Visually exhausted

I draw pleasure from looking at photographs that are interesting, but do not draw pleasure from the multitude of run-of-the-mill photographs that are pervasive on the inter webs.

The problem is not that we are still producing one photo after another. The problem is that "we" are sharing and showing every darn one of them!

So as I see it, the root cause of the problem boils down to failure to tightly edit ones own work and only show the best work.

I use both Flickr and Tumblr, but with different purposes. My Flickr account is where I dump all kinds of pictures, some just of "snapshot" quality. This is for sharing my immediate family's experiences with the rest of the family and friends who do not live near us. My Tumblr is reserved for only pictures that I think are interesting and go at least one step above snapshot quality.

The decline of editing is found in every medium- everyone can now be a published author, with no effective filters in place to block the noise.

There used to be derision for 'vanity presses', but in their attacks on conventional publishers, Amazon has elevated that model to be the new normal. It's true that important voices may be heard now that wouldn't have found a platform in the past, but speaking for myself, I no longer hear much of anything.

Randy
 
Lots of people here have interesting responses. It seems to me that in the volume of images that we look at, we become quite used to not looking at images carefully and considerately. Knowing what questions to ask the photograph, and actually asking those questions, is when things, such as photographs, become interesting beyond the immediate aesthetic component. The problem seems to me that we become so accustomed to not asking those questions, even though we may know what types of questions to ask. We hurry over everything in order to see everything, when, in fact, we don't actually enjoy, well, much of anything. I think this enjoyment has something to do with deliberate and intentional interaction....which takes time. There is a reason why PhDs spend so much time working on one seemingly small thing....there are so many questions to ask!!!
 
In the end, it's all about cycles...

In the end, it's all about cycles...

"The beauty is in the eye of the beholder" as they say.

Men are very moment- or emotion-based species, there are times we look something exceptionally carefully, be it a single photo, or very briefly skip through lots of them. In the digital age photography being the most common hobby on Earth - certainly there's an utterly overwhelming amount of photos in the World today, more than ever before since they don't just dissapear they keep growing while old ones stay, as time goes on it gets harder not to get tired of it all.

Obviously a very (or better: extremely-) selective vewing helps - i.e. in my case I've nearly fully given up digital these days, since I really did get so bored with digital photos despite I was a very pro-digital some years ago. This sounds ignorant to most, but I've taken "less is more" stance in life and this way I've filtered out easily over 99.99% of the amount of photos already to "borrow" that precious time and be able to focus more on single images. I do keep an open eye and occasionally sweep through various exceptionally gifted digital creators to broaden my own ideas when I seek new ideas I cannot find in the analogue domain.
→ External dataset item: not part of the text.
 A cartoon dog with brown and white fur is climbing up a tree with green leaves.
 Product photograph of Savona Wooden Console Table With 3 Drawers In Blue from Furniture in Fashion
Still there are times when I cannot take it anymore - motorcycles or music is my sanctuary then. There are times when I throw all my photo gear into shelf, put the film into deep freeze and just forget it all for months in row. Instead I go out riding, or in winters play my bass guitar or program new sonics on my analog polyphonic synthesizer, create soundscapes that I get lost into. If getting tired of creating music I switch on my tube amp and play a nice vinyl record - eraise every image or visual conception in my head and obtain new sonical inspirations or directions.

And when tired of the sonical world - I return to visual photography. Repeat. I guess life goes in cycles afterall :)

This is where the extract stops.